As you might have noticed in my past few posting that I have been covering this “underlying” for a while. Today I am going to share my thoughts on this purely from “Fundamental Analysis” perspective. Note though, there are several ways to value a stocks and it very much depends on accuracy and assumptions of “variables”. I am presenting on what I think is a right set of assumptions, but feel free to run your analysis. This is just a start !

Alright the company is Grand Prideco (GRP).
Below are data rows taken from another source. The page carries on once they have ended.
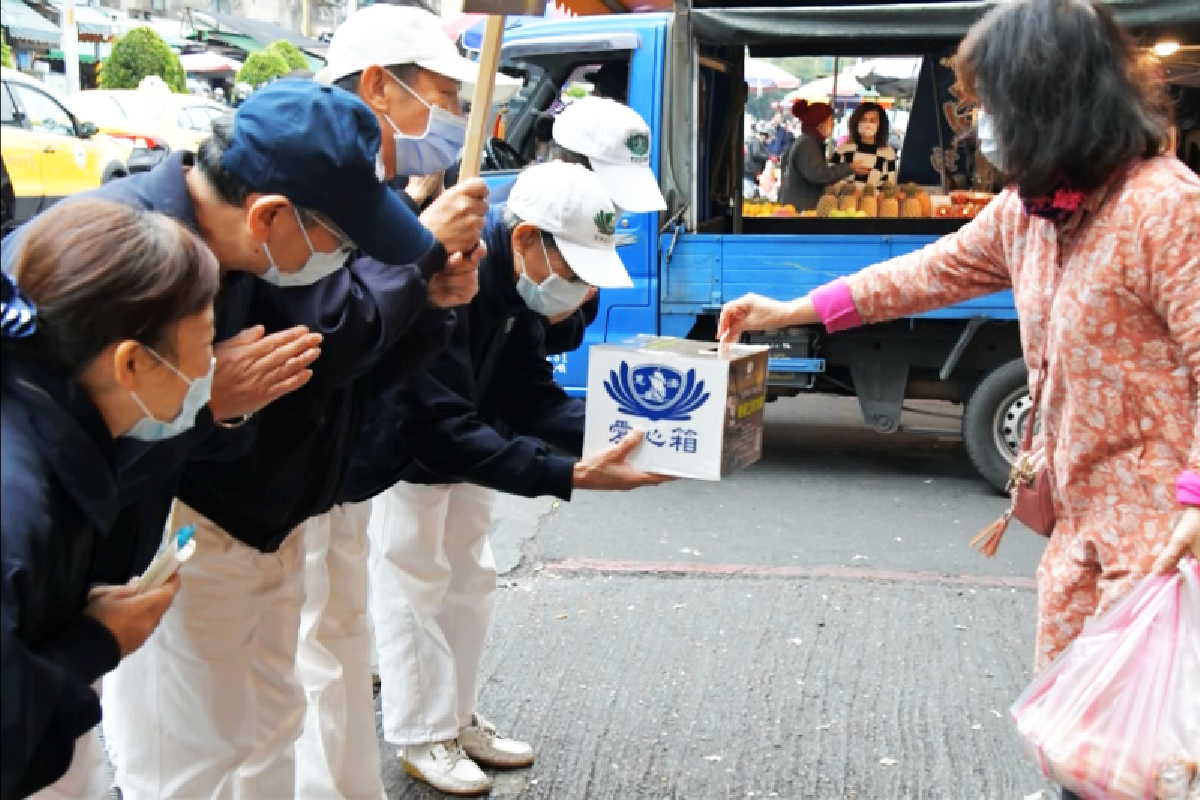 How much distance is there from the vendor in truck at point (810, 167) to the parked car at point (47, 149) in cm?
497

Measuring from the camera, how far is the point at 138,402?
1775 mm

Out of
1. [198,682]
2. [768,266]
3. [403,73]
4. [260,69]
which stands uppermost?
[403,73]

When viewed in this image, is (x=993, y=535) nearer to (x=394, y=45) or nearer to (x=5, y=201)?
(x=394, y=45)

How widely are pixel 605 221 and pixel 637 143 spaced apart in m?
1.26

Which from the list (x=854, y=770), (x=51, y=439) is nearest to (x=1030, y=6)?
(x=51, y=439)

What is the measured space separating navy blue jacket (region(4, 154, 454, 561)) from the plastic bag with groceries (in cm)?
143

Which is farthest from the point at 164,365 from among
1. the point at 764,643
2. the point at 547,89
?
the point at 547,89

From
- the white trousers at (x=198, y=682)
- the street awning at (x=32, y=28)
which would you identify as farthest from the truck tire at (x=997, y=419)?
the street awning at (x=32, y=28)

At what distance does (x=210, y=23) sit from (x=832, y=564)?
3321 cm

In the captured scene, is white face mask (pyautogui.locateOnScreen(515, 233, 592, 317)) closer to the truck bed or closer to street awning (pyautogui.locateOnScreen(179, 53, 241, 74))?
the truck bed

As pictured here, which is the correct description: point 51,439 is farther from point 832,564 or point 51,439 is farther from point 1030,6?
point 832,564

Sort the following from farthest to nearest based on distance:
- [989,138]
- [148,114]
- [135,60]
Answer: [135,60] < [148,114] < [989,138]

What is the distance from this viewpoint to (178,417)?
74.2 inches

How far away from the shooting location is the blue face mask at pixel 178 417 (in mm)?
1821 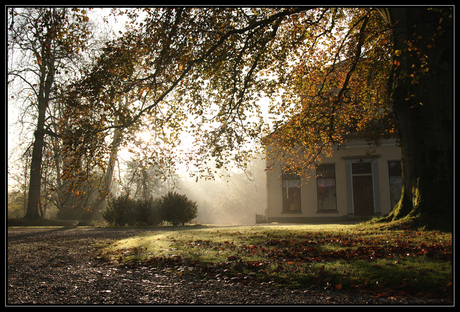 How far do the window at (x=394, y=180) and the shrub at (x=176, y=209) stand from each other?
39.8ft

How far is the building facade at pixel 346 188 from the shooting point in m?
18.0

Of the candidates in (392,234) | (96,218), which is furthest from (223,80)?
(96,218)

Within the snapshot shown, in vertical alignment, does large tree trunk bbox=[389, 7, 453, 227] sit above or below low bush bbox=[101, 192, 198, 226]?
above

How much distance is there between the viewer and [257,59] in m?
9.08

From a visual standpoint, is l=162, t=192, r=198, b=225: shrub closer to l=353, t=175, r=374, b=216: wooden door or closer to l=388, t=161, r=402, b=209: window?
l=353, t=175, r=374, b=216: wooden door

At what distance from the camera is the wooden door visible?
60.2 feet

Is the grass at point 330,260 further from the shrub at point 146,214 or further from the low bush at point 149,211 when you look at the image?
the shrub at point 146,214

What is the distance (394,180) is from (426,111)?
11.7 metres

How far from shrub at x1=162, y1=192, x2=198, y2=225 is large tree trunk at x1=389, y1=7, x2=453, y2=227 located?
11.6 meters

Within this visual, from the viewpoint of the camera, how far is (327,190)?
19375 millimetres

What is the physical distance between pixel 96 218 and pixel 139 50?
23.3m

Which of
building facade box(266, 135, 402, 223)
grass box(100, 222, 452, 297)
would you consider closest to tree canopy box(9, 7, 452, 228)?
grass box(100, 222, 452, 297)

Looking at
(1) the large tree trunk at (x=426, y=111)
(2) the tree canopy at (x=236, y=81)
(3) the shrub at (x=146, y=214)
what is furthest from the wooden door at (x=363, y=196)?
(3) the shrub at (x=146, y=214)

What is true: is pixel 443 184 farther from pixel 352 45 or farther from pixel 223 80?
pixel 223 80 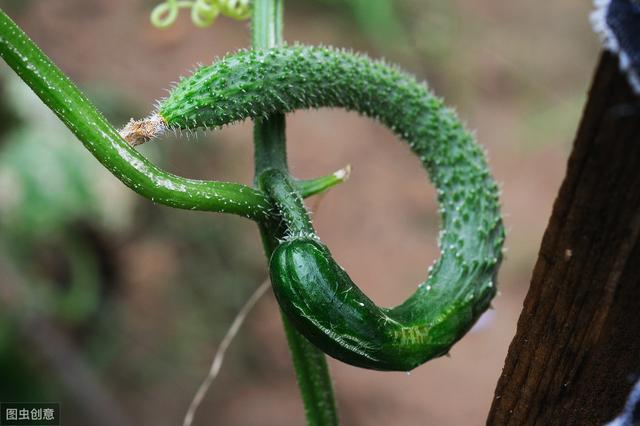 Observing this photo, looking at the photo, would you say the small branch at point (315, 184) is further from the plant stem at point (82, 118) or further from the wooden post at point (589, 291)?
the wooden post at point (589, 291)

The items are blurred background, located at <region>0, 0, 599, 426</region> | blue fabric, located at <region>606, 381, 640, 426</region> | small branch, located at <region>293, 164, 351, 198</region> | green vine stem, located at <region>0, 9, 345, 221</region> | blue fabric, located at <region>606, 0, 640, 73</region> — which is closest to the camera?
blue fabric, located at <region>606, 0, 640, 73</region>

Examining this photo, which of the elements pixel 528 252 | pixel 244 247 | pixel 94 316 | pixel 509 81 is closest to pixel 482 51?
pixel 509 81

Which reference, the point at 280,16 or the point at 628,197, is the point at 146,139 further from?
the point at 628,197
Grant Prideco, Inc. is engaged in drill stem technology development, drill pipe manufacturing, sales and service, and drill bit technology and specialty tools, manufacturing, sales and service. It is also a provider of performance engineered connections and premium tubular products and services. Its drill stem and drill bit products are used to drill oil and gas wells, while the tubular technology and services are primarily used in drilling and completing oil and gas wells. The Company’s customers include oil and gas drilling contractors, North American oil country tubular goods (OCTG) distributors, independent and state-owned oil and gas companies, and other oilfield service companies. It operates through three business segments: Drilling Products and Services, ReedHycalog and Tubular Technology and Services.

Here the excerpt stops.